Он как раз натянул на себя рубаху, которую Юлишка умудрилась выстирать, просушить над огнем и выгладить, как в дверь постучались. На кухню вошла невысокая девушка, у нее была молочно-белая кожа, блестящие черные глаза, густые иссиня-черные волосы, двойным венком уложенные вокруг головы. Под мышкой она сжимала потрепанный черный портфель, плечи и воротник пальто укрывал, словно мехом, пушистый белый снег. На коричневой котиковой шапочке, только что снятой с головы, удержалось несколько огромных веселых снежинок.
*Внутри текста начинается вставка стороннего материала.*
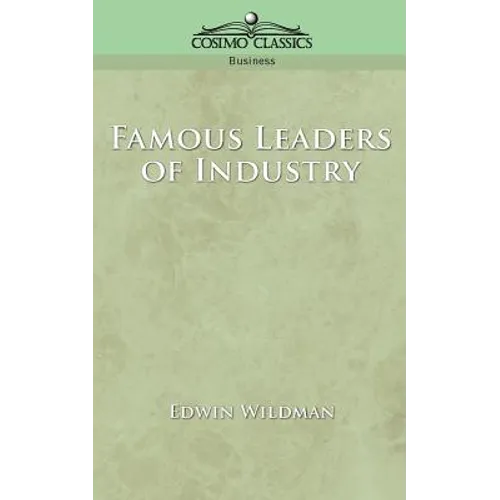 Famous Leaders of Industry - Paperback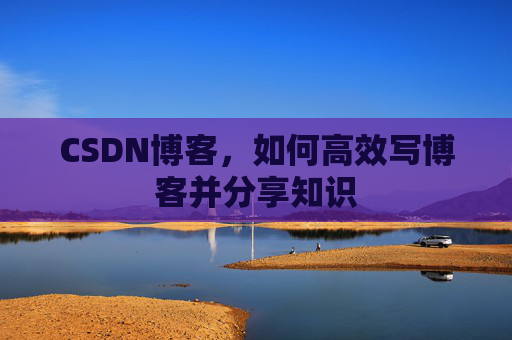 CSDN博客，如何高效写博客并分享知识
– Привет, Юлишка, – поздоровалась она; глубокий грудной голос прозвучал так неожиданно при ее тоненькой, хрупкой фигурке, что Балинт удивленно вскинул голову. Девушка поглядела на подростка, стоявшего в не заправленной еще рубашке, и улыбнулась ему. – Сегодня вырвалась пораньше, – обратилась она к Юлишке, – но сейчас же и убегаю. Вот апельсин для бабушки принесла.

– Ух ты, – воскликнула девочка. – Откуда?

– Откуда? – засмеялась девушка; смех ее тоже был странно глубоким и словно бы чуть-чуть с хрипотцой. – Откуда? Прямехонько из Калабрии.

Юлишка приподнялась на цыпочки и зашептала что-то ей на ухо, девушка поглядывала на Балинта. Балинт покраснел.

– Кто это? – спросил он, когда девушка ушла в чулан при кухне и закрыла за собой дверь. – И зачем нужно было тотчас ей рассказывать…

– Она давно уж все знает, – весело воскликнула девочка. – Только вот не видела тебя до сих пор. Зачем скрывать?

– Кто она?

– Наша новая жиличка, – сказала Юлишка. – Сейчас она мой самый лучший друг. Зря смеешься, и за две недели можно узнать человека. Да уж больше прошло, как она у нас живет.

– А сколько платит?

– Четыре пенгё. Я потому сдала ей дешевле, что она совсем бедная девушка, – пояснила Юлишка, как бы оправдываясь. – Она в университете учится, а мать у нее была всего-навсего бедная швея, и она уже умерла. Ее тоже Юлишкой зовут. Юлишка Надь. В документах, конечно, пишется Юлия Надь.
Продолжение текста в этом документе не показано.